===== Data extract =====

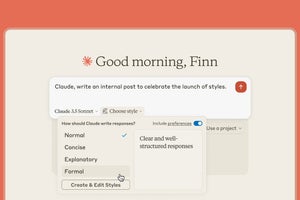 チャットAI「Claude」にスタイル機能、パーソナリゼーションでライバルに対抗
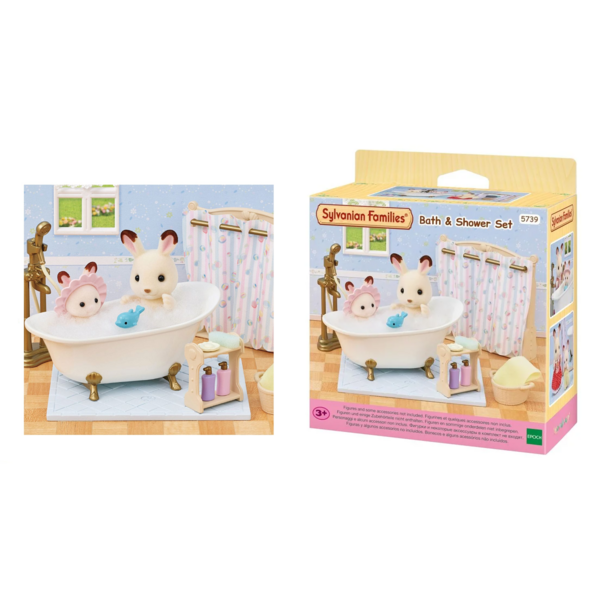Sylvanian Families 5739: Bath & Shower Set Figures
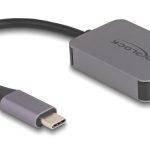 DELOCK card reader 91009 για SD & micro SD, USB-C, 5 Gbps, γκρι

=====

The line with "Sylvanian Families 5739: Bath" marks the start, and the last line of the material marks the end. Reproduce exactly those two lines and every line between them, without the pictures.

## [Result below]
Sylvanian Families 5739: Bath & Shower Set Figures
 DELOCK card reader 91009 για SD & micro SD, USB-C, 5 Gbps, γκρι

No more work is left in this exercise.